● Listed entries
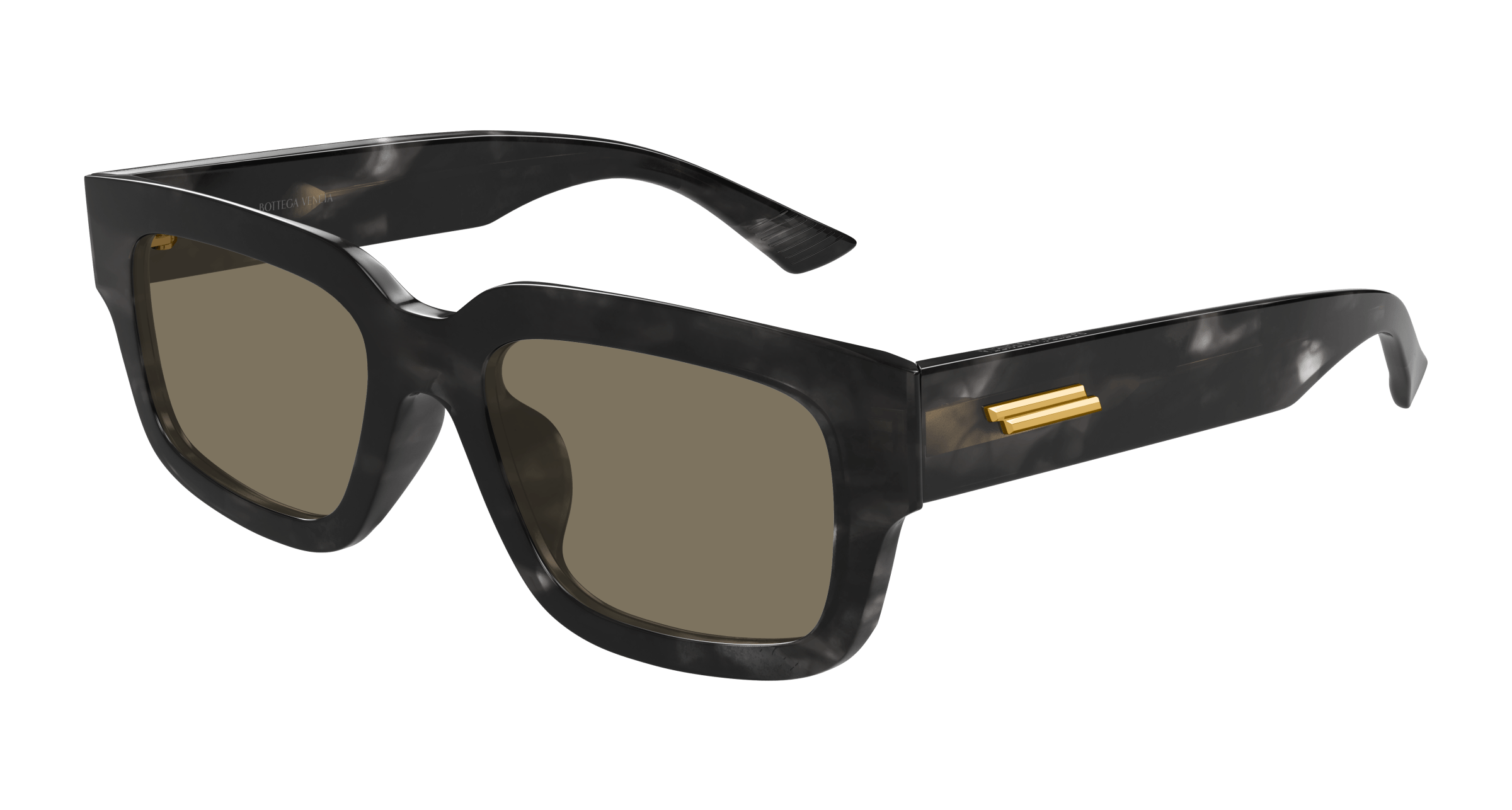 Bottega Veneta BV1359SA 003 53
==
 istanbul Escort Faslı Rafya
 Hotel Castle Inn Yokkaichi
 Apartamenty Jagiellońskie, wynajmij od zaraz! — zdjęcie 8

● Task objective
Above are the lines; repeat exactly the ones from the line containing "Hotel Castle Inn Yokkaichi" down to the line containing "Apartamenty Jagiellońskie, wynajmij", both inclusive.

● Solution to this exercise
 Hotel Castle Inn Yokkaichi
 Apartamenty Jagiellońskie, wynajmij od zaraz! — zdjęcie 8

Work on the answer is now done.